Segment Start: Given information

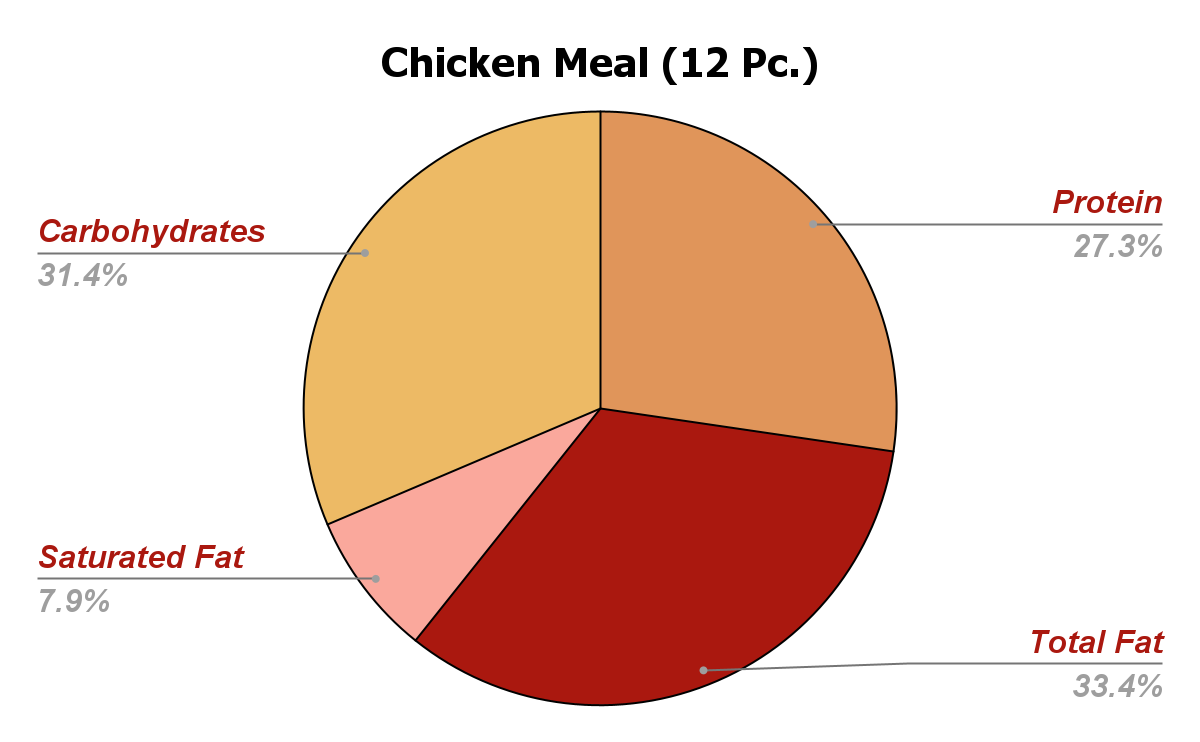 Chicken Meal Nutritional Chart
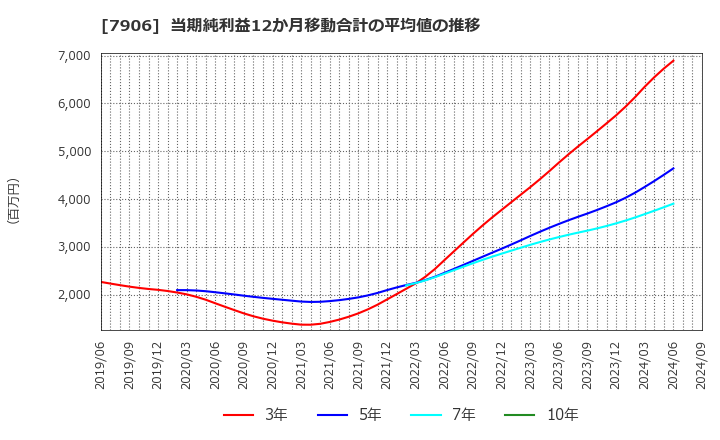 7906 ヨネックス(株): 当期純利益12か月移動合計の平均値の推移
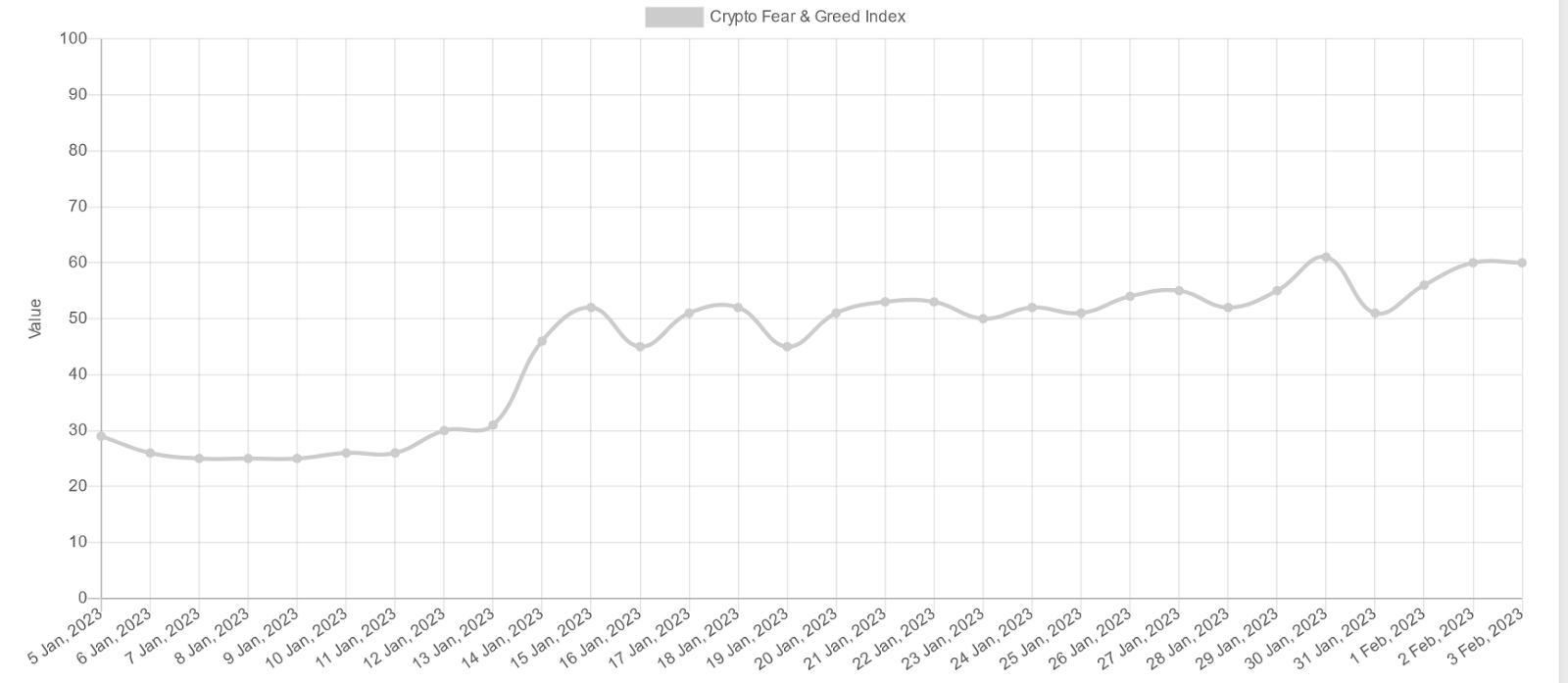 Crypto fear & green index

Segment End: Given information

[Exercise directions]
Your output should be only the lines from the line with "7906 ヨネックス(株): 当期純利益12か月移動合計の平均値の推移" through the end of the data, exactly as they stand, and no pictures.

[Completed task]
 7906 ヨネックス(株): 当期純利益12か月移動合計の平均値の推移
 Crypto fear & green index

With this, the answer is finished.